Records from a data source:

:::::

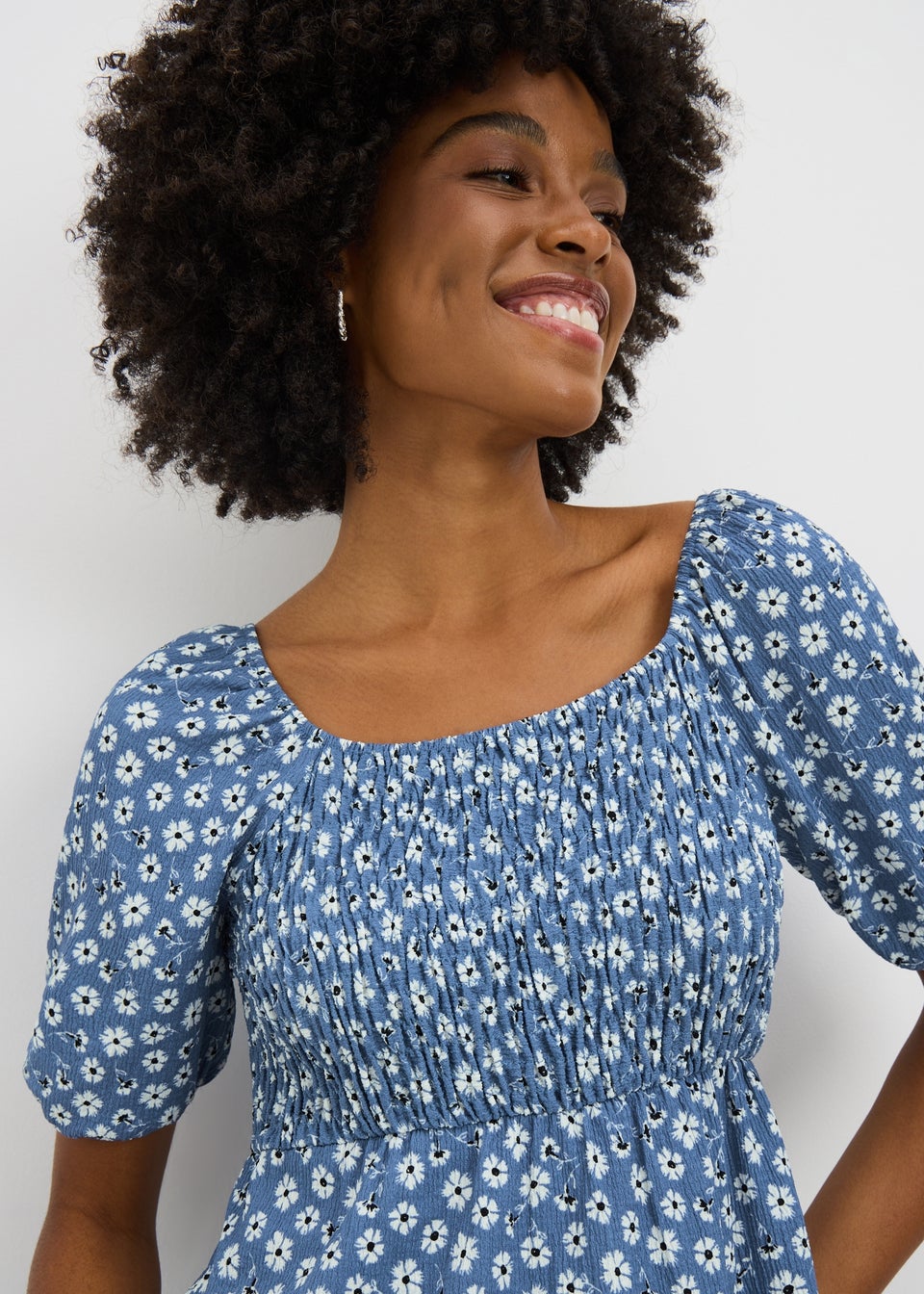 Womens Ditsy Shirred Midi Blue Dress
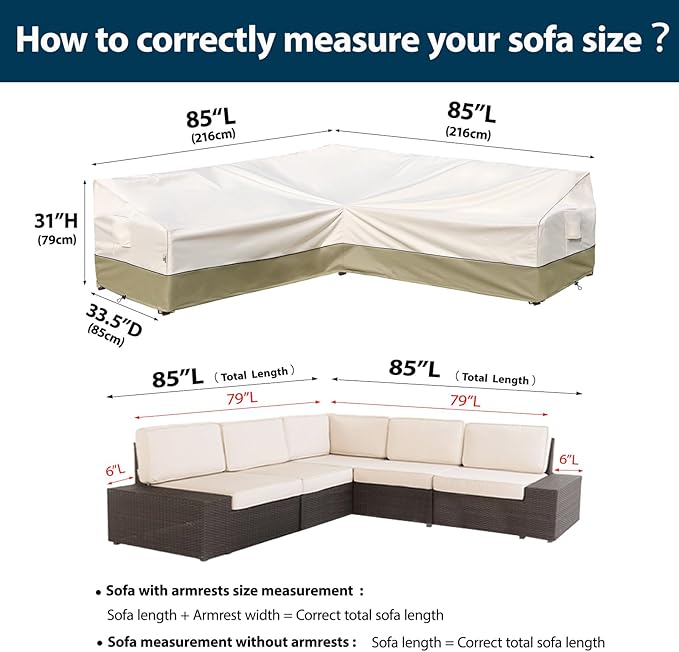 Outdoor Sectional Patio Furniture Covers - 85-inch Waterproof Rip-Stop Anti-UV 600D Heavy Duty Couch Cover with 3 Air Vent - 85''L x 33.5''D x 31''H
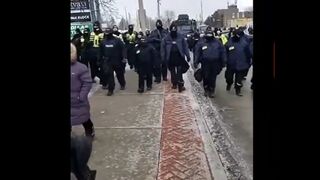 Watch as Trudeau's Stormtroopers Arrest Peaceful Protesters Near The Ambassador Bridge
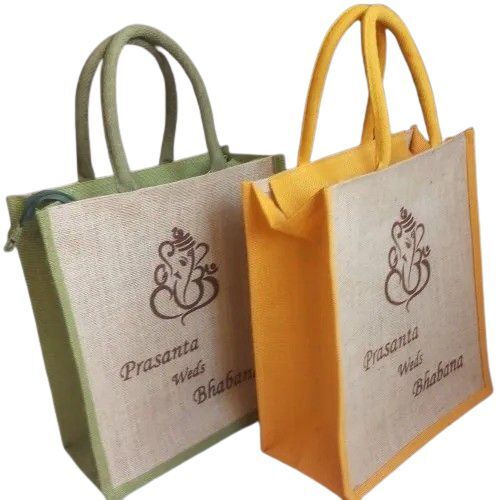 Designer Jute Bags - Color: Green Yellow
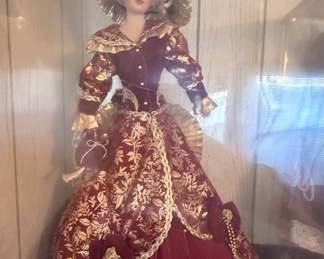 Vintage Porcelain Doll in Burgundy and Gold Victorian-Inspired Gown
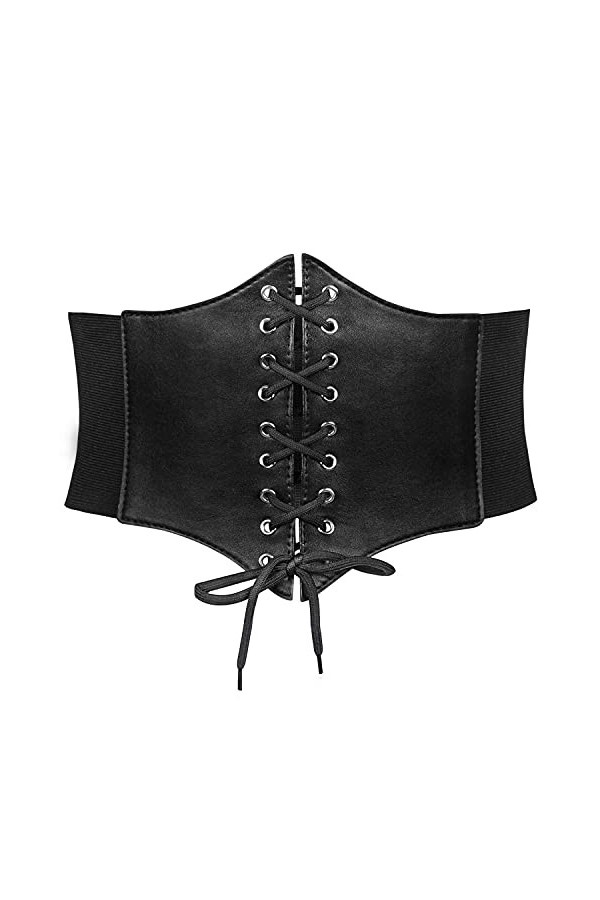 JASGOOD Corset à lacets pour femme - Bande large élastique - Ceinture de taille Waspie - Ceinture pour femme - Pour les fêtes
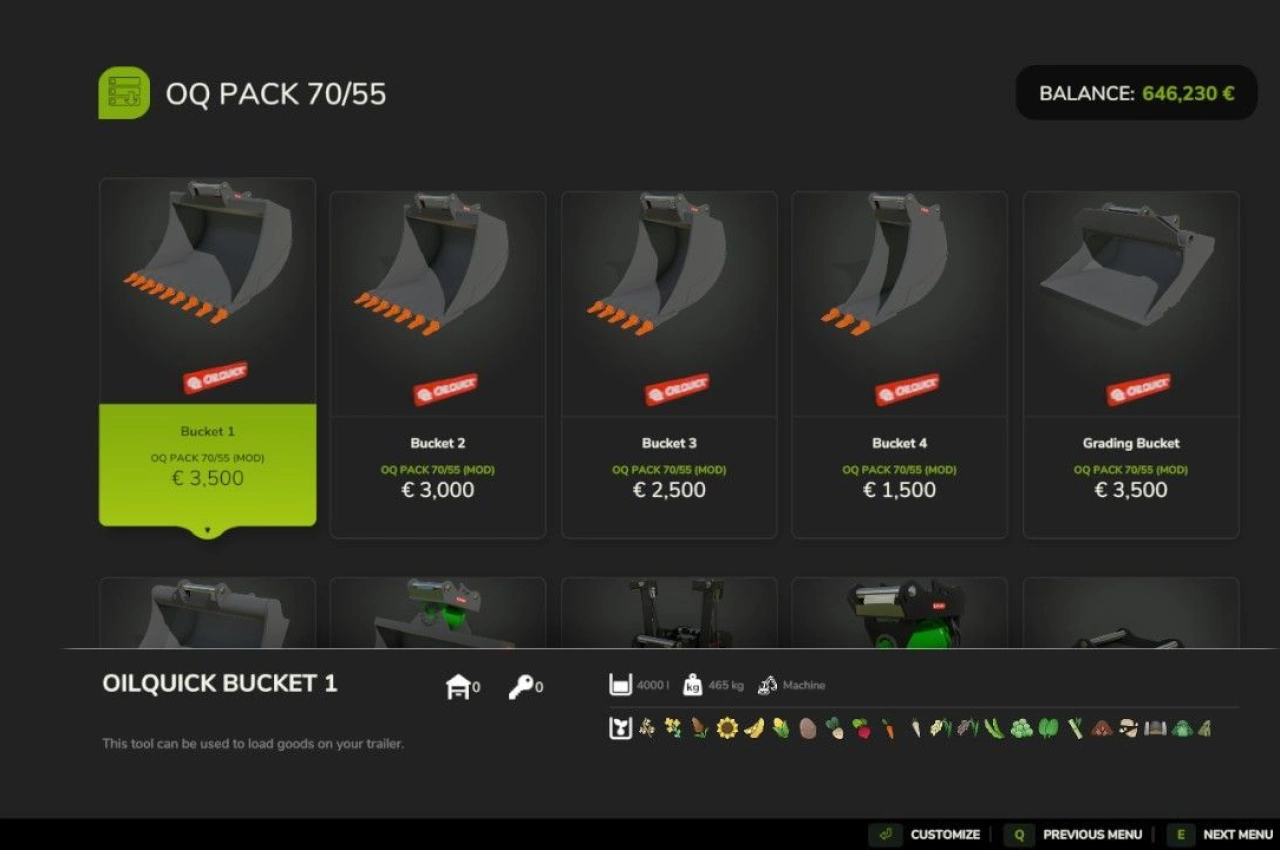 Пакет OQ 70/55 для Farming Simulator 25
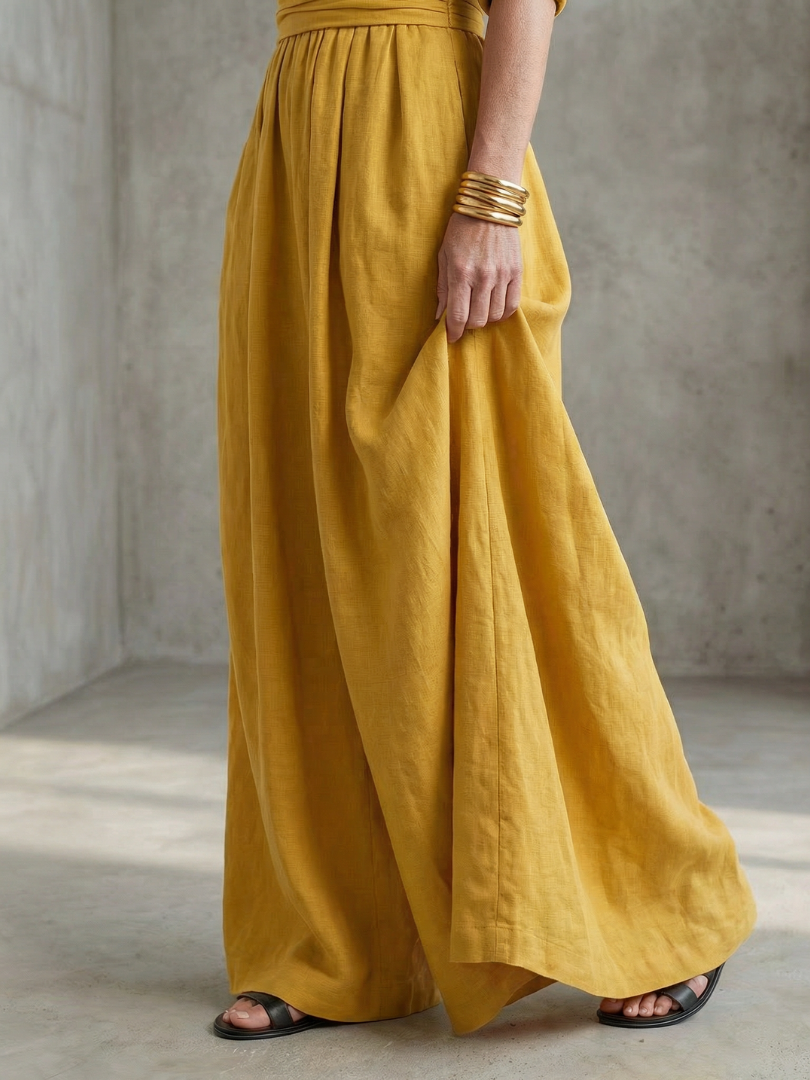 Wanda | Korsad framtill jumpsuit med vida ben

:::::

> [WORK TO BE COMPLETED]
Starting with the line above that holds "Watch as Trudeau's", restate each line word for word up to and including the line that holds "Vintage Porcelain Doll". Drop the pictures.

> [ANSWER BOX]
 Watch as Trudeau's Stormtroopers Arrest Peaceful Protesters Near The Ambassador Bridge
 Designer Jute Bags - Color: Green Yellow
 Vintage Porcelain Doll in Burgundy and Gold Victorian-Inspired Gown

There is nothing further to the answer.